### Instructions for the task
Every entry below should be reproduced exactly; no picture is to be included.

──────── Data supplied ────────

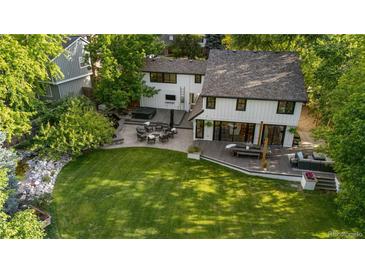 Expansive backyard featuring a patio, hot tub, and lush green lawn, perfect for outdoor entertaining and relaxation at 3235 E Easter Pl, Centennial, CO 80122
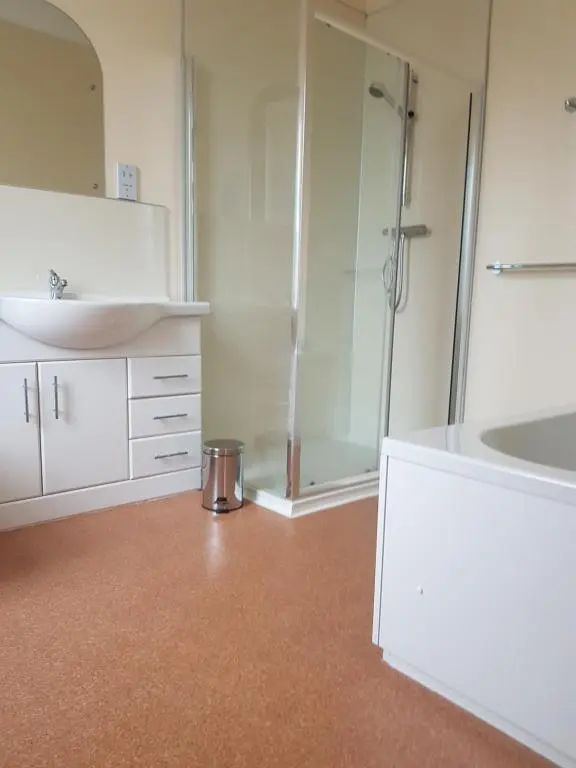 a white bathroom with a shower and a sink at The Station Hotel in Alness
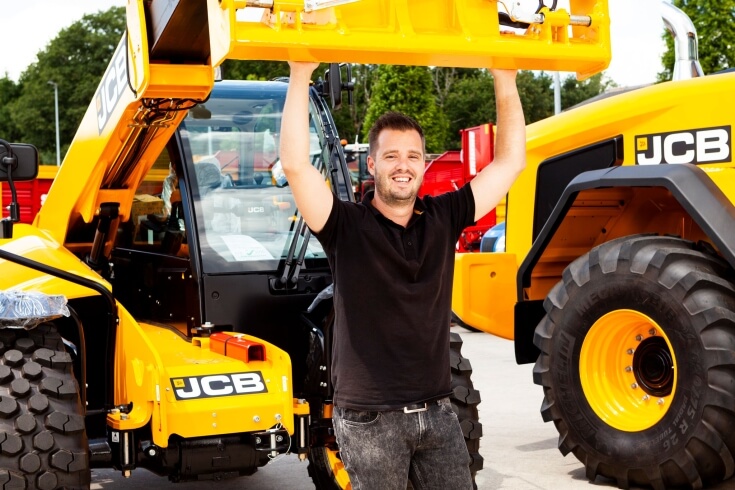 Man bij gele bouwmachines op werkplaats.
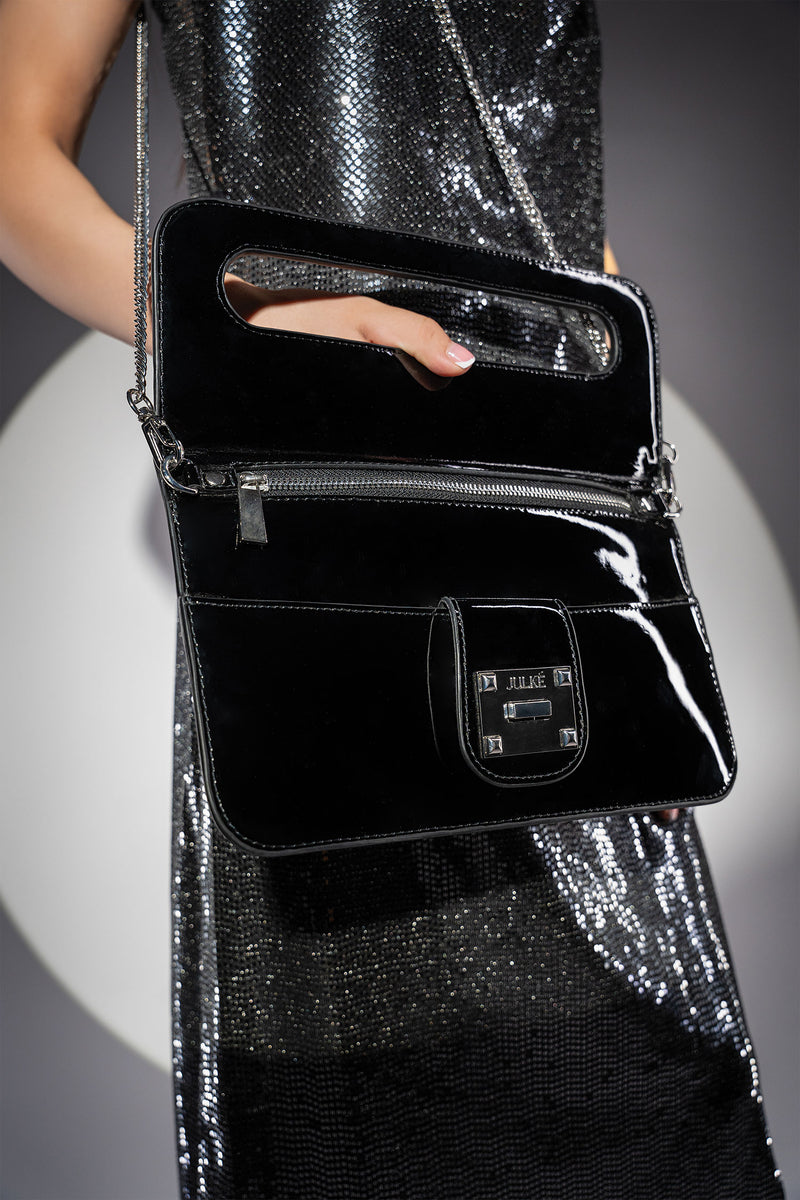 Womens patent leather clutch bag in black colour with twist lock and detachable silver chain strap by JULKE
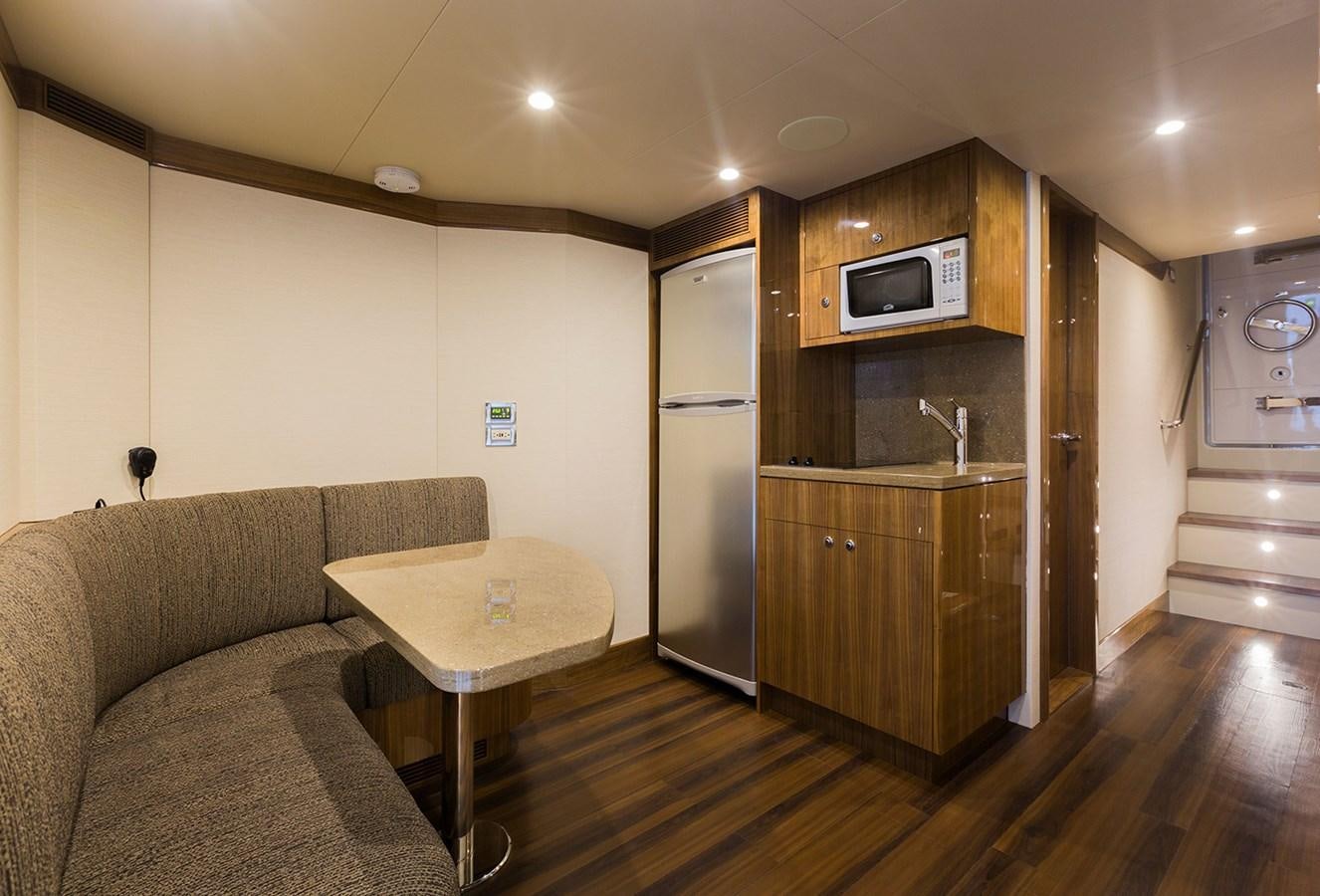 a living room with a couch and a table aboard OUR TRADE Yacht for Sale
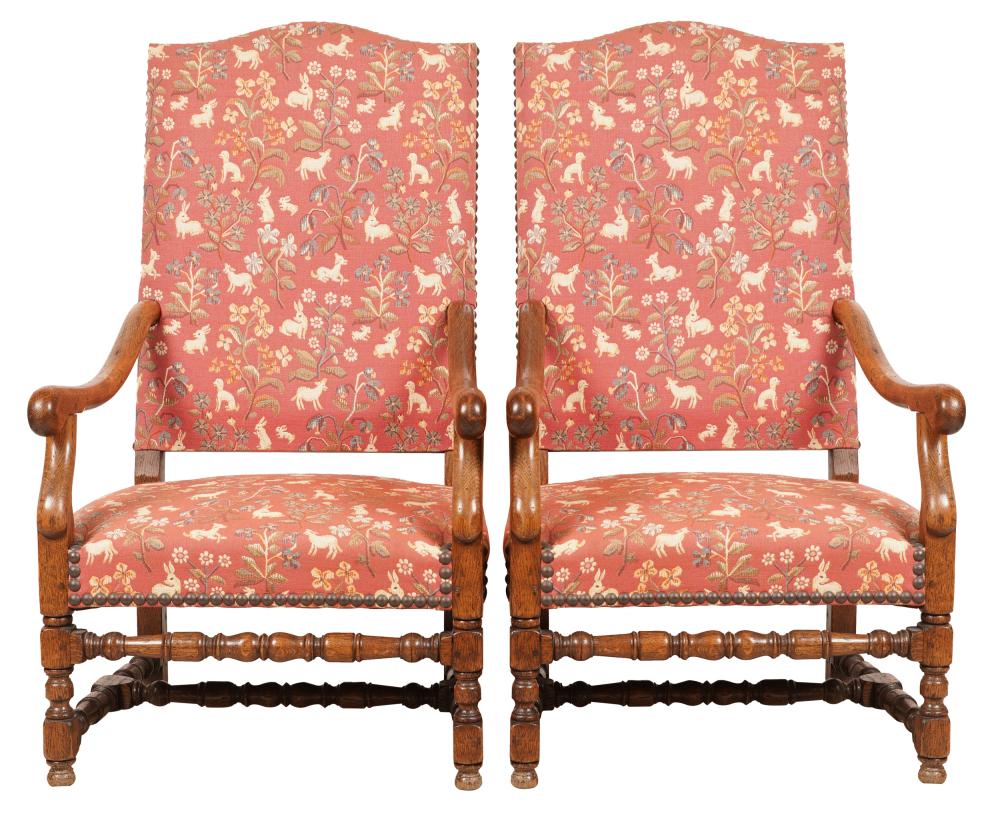 Appraisal: PAIR OF CARVED OAK HALL CHAIRScovered with red-ground tapestry-style fabric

────────

### Result below
 Expansive backyard featuring a patio, hot tub, and lush green lawn, perfect for outdoor entertaining and relaxation at 3235 E Easter Pl, Centennial, CO 80122
 a white bathroom with a shower and a sink at The Station Hotel in Alness
 Man bij gele bouwmachines op werkplaats.
 Womens patent leather clutch bag in black colour with twist lock and detachable silver chain strap by JULKE
 a living room with a couch and a table aboard OUR TRADE Yacht for Sale
 Appraisal: PAIR OF CARVED OAK HALL CHAIRScovered with red-ground tapestry-style fabric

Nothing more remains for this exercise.